N1.04 Trillion Fine: Maintain Status Quo, Court Orders NCC, MTN

A Federal High Court sitting in Lagos has ordered both parties in the suit, NCC and Mtn Nigeria to maintain status quo ante bellum following an application for mareva injunction (temporary injunction which  freezes the assets of a party pending an outcome, subsequent order or a final resolution of the court) filed by the Attorney General of the Federation, to restrain MTN Nigeria from tampering with its financial accounts in Nigeria in view of the fine of N1.04 trillion instituted against it by the Nigerian Communication Commission, NCC.
Following the directives to deactivate unregistered subscribers as directed by the telecommunication regulatory body, NCC to all the service providers, NCC had placed a fine on MTN, the largest GSM company in Nigeria, over its failure to comply. Though, MTN was earlier given a consideration on the fine leading to its reduction to N780 billion, however, MTN failed to comply prior to the deadline, December 31, 2015. Consequently, the fine reversed to its original sum of N1.04 trillion.
The Attorney General of the Federation and Minister of Justice, Abubakar Malami, SAN, who sought for a mareva injunction (temporary injunction which freezes the assets of a party pending an outcome, subsequent order or a final resolution of the court), contended that MTN having a track record of continually moving its funds out of Nigeria could empty its account strategically to frustrate the enforcement of the fine if  not prevented.
In his prayers, he specifically requested for an order to compel all the company’s bankers to open a special interest-yielding account in the name of the Chief Registrar of the Federal High Court in which the amount should be directed into pending determination of the matter.
Mr.

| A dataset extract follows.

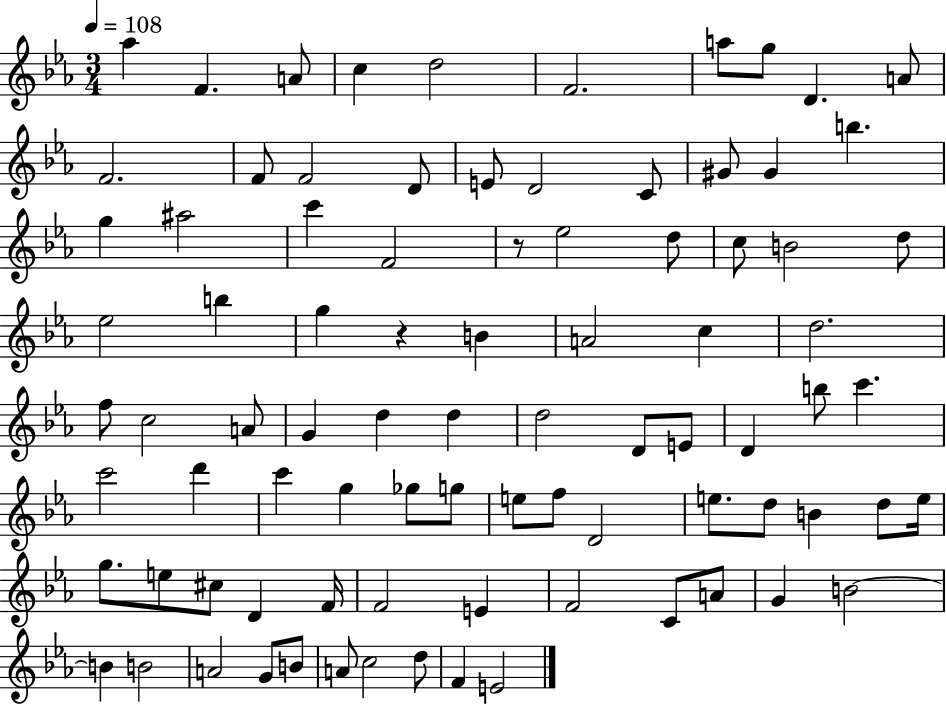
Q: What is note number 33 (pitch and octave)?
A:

Dipo Okpeseyi, SAN, counsel to the AGF in a 14-paragraph affidavit in support of the application, stated that between October 2007 and May 2009, MTN moved over $7.7 billion ot its money made in Nigeria to a foreign account adding that on February 8, 2008, MTN transferred over $936 million out of Nigeria to accounts in Mauritius, Cayman Island and British Virgin Islands.
The AGF, therefore sought for “an order of mareva injunction restraining the specified banks from releasing, further releasing any funds, making sale, transfer or payment of any monies or dealing in any manner whatsoever with any and all monies maintained by the plaintiff/respondent (MTN) or its agents, privies, subsidiaries, sister companies or the like in the aforestated banks that will alter, decline or reduce the amount of the first defendant’s/applicant’s fine against the plaintiff/respondent in the sum of N1,040,000,000,000 which has remained wholly unsatisfied, pending the determination of the motion on notice.”
“Unless this court urgently entertains this application, the plaintiff/respondent would move its funds out of Nigeria, being the jurisdiction of this honourable court, and thereby frustrate the enforcement of the fine in the likely event that this honourable court sanctions the imposition of the fine,” the AGF stated.
The trial judge, Justice Idris Mohammed, after taking the submission, however noted that due to the elements of public interest in the matter, it would require diligence, hence requested to hear the case filed by MTN challenging the fine first. Consequently, he ordered parties to maintain status quo ante bellum pending the determination of the suit and adjourned till January 22, 2016 for hearing.
“An order is hereby made directing the parties cited herein to maintain the status quo ante bellum pending further hearing,” the trial judge said.
Seemingly, the order of the court was not explicitly clear as to the status quo to be maintained as the court did not expressly grant the application by preventing MTN from moving funds from the accounts in the 21 commercial banks in Nigeria outside the country noting that the AGF had not shown enough facts to convince the court that MTN was about to move its funds out of the country in order to frustrate the final judgment.